[V0] Correct CUDA Graph capture for encoder-decoder models (#22630)

2025-08-12 17:01:08 +08:00
parent 9f909b8996
commit 8d17fa633e
1 changed files with 11 additions and 1 deletions
--- a/vllm/config/init.py
+++ b/vllm/config/init.py
@@ -1164,8 +1164,18 @@ class ModelConfig:
                    "non-quantized models.", self.quantization)
    def _verify_cuda_graph(self) -> None:
        # The `max_seq_len_to_capture` was incorrectly
        # based on the encoder's input length (448)
        # but not the decoder's larger input length (1500).
        # This change ensures the CUDA Graph captures the correct,
        # larger sequence length, allowing it to work as intended.
        effective_max_seq_len = self.max_model_len
        if self.is_encoder_decoder:
            effective_max_seq_len = max(
                effective_max_seq_len,
                getattr(self.hf_config, "max_source_positions", 0))

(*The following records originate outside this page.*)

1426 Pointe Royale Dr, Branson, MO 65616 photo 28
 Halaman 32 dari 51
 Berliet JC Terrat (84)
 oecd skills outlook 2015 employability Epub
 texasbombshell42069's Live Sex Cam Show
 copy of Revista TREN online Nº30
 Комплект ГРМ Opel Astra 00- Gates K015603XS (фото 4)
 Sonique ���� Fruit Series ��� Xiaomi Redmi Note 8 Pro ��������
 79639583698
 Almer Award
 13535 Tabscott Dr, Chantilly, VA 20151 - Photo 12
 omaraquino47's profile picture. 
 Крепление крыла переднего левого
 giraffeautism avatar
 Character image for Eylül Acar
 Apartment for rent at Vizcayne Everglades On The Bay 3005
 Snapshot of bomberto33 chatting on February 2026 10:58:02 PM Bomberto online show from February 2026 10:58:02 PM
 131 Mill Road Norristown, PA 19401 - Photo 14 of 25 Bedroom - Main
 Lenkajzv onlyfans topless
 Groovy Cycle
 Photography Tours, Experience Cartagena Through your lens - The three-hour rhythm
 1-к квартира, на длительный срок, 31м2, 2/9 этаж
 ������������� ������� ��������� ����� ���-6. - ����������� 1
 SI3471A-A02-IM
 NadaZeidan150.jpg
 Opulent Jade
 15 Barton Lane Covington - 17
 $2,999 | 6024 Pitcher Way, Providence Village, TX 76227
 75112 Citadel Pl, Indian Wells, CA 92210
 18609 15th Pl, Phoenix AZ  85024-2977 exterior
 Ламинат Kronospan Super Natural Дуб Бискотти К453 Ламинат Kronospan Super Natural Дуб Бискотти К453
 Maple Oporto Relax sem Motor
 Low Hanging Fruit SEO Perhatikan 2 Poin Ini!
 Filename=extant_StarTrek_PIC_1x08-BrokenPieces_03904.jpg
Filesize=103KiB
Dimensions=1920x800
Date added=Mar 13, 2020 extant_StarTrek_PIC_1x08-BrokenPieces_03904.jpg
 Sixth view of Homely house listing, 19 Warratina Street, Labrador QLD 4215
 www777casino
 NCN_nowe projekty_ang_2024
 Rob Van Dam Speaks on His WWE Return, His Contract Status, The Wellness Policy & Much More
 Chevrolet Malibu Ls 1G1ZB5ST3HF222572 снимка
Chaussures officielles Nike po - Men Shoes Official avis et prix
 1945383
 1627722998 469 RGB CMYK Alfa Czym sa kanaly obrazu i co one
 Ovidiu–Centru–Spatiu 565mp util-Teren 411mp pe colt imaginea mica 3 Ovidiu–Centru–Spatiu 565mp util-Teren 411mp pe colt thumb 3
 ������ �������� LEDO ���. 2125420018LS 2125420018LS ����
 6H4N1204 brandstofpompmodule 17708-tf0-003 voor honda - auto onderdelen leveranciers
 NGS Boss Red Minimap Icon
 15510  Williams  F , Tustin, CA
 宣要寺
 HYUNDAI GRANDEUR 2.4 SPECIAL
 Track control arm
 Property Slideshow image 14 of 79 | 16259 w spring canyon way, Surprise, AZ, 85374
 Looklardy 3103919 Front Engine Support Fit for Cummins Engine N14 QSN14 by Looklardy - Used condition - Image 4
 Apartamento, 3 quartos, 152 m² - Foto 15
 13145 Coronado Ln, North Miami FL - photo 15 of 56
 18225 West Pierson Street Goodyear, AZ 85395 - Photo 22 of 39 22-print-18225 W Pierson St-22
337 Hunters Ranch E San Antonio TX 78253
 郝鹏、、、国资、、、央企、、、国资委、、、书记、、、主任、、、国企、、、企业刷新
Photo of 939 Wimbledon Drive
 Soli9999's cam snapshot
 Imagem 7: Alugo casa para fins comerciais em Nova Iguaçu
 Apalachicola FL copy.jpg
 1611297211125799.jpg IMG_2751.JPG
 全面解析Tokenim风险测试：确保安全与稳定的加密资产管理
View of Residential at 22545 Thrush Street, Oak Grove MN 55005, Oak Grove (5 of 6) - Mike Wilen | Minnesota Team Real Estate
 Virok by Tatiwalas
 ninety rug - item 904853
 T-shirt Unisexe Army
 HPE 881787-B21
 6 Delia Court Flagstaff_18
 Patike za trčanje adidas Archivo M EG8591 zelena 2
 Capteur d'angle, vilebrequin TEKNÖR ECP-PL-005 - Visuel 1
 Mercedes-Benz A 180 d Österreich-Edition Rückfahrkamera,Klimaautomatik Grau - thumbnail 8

        self.max_seq_len_to_capture = min(self.max_seq_len_to_capture,
-                                          self.max_model_len)
+                                          effective_max_seq_len)
        # CUDAGraph capture not supported for enc-dec models and mllama on ROCm
        ROCM_UNSUPPORTED_MODELS = ['mllama']
        unsupported_rocm = (self.hf_config.model_type